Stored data
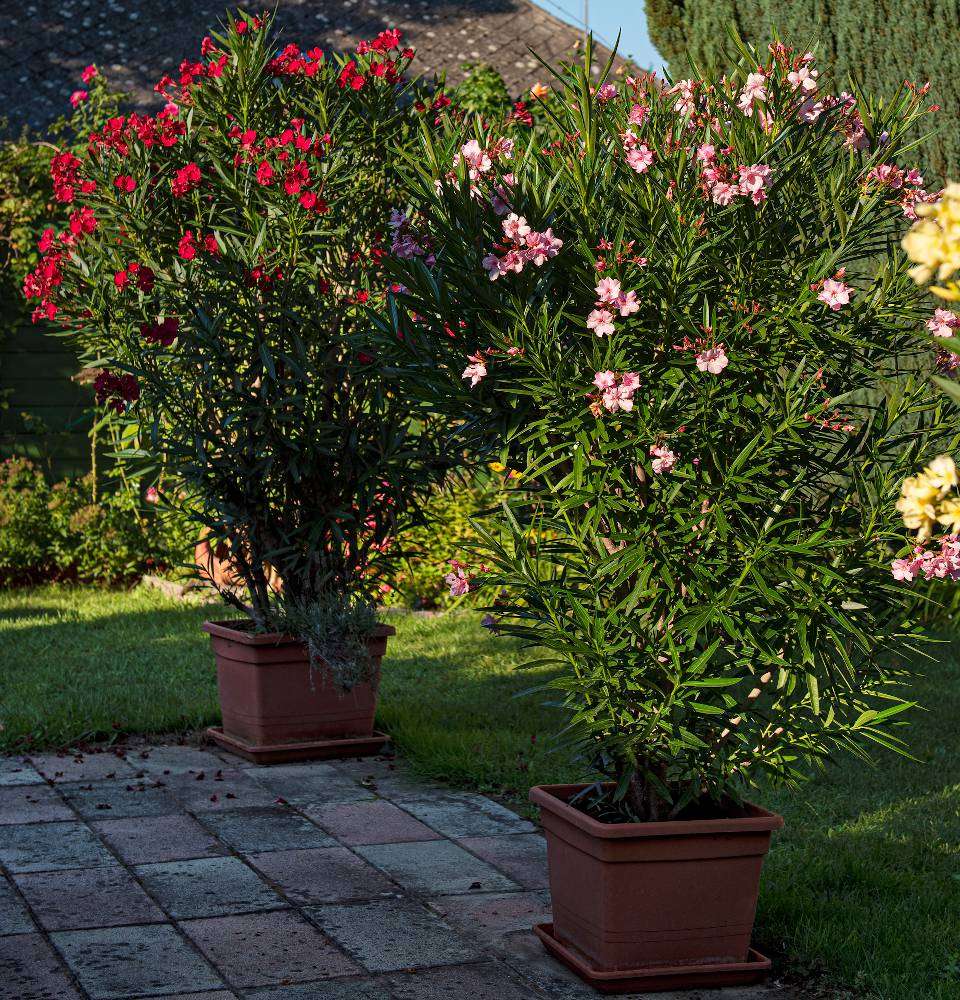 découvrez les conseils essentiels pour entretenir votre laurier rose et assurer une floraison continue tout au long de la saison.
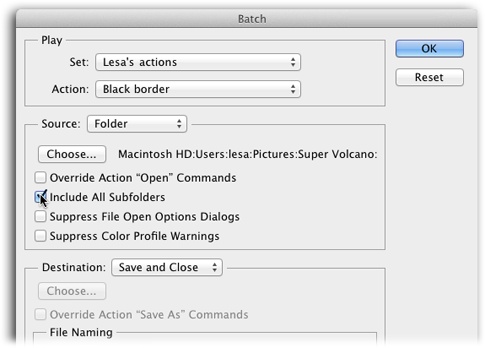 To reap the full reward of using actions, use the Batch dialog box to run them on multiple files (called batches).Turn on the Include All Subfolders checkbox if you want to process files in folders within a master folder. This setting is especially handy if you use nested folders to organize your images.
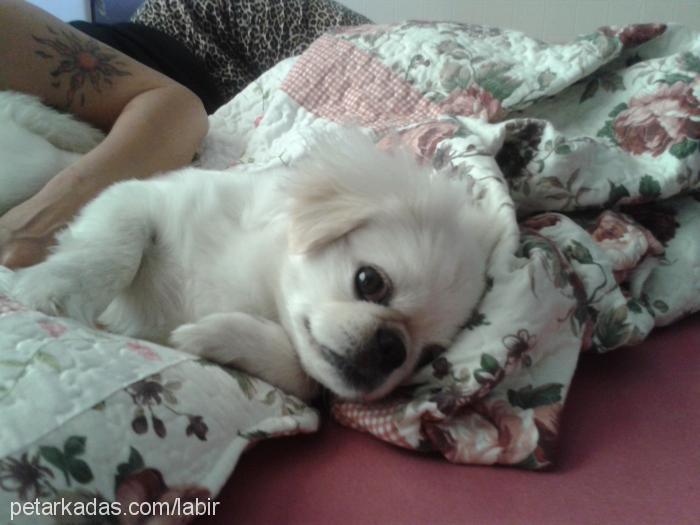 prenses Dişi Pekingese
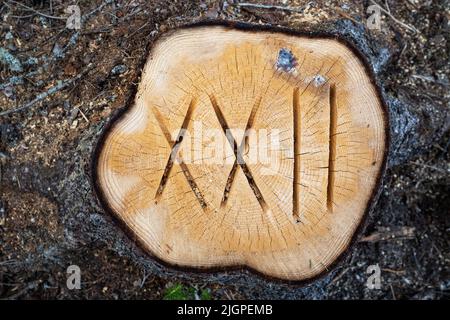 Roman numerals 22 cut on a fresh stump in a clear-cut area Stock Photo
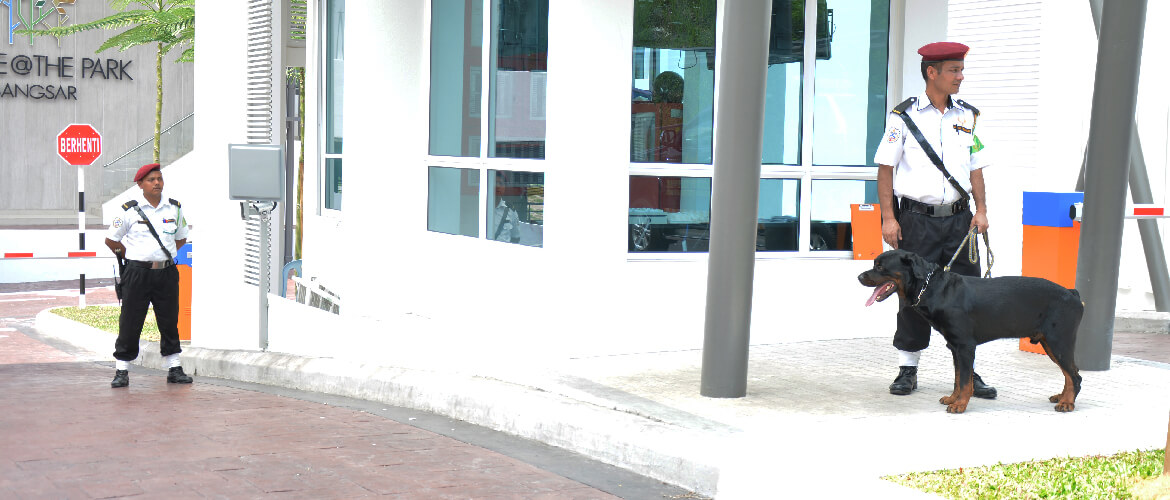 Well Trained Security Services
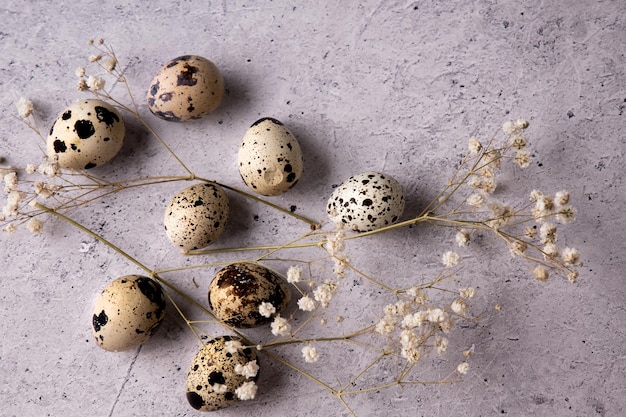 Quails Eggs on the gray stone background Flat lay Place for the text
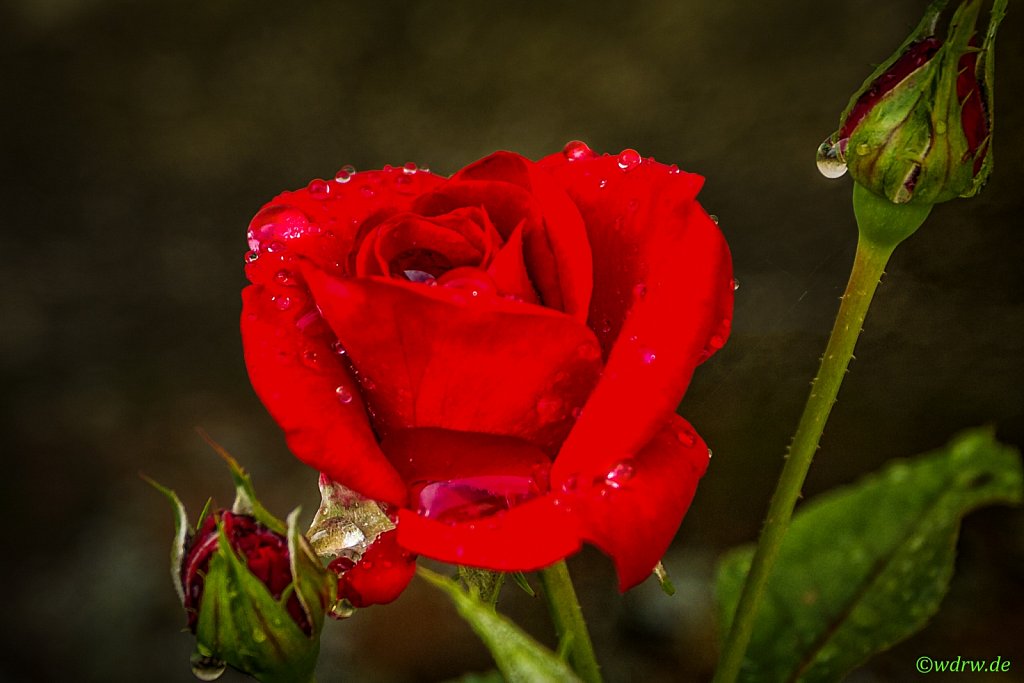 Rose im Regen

Your task -
Extract only the lines from the one that contains "Roman numerals 22" through the end of the records, inclusive, and omit every picture.

Reply -
 Roman numerals 22 cut on a fresh stump in a clear-cut area Stock Photo
 Well Trained Security Services
 Quails Eggs on the gray stone background Flat lay Place for the text
 Rose im Regen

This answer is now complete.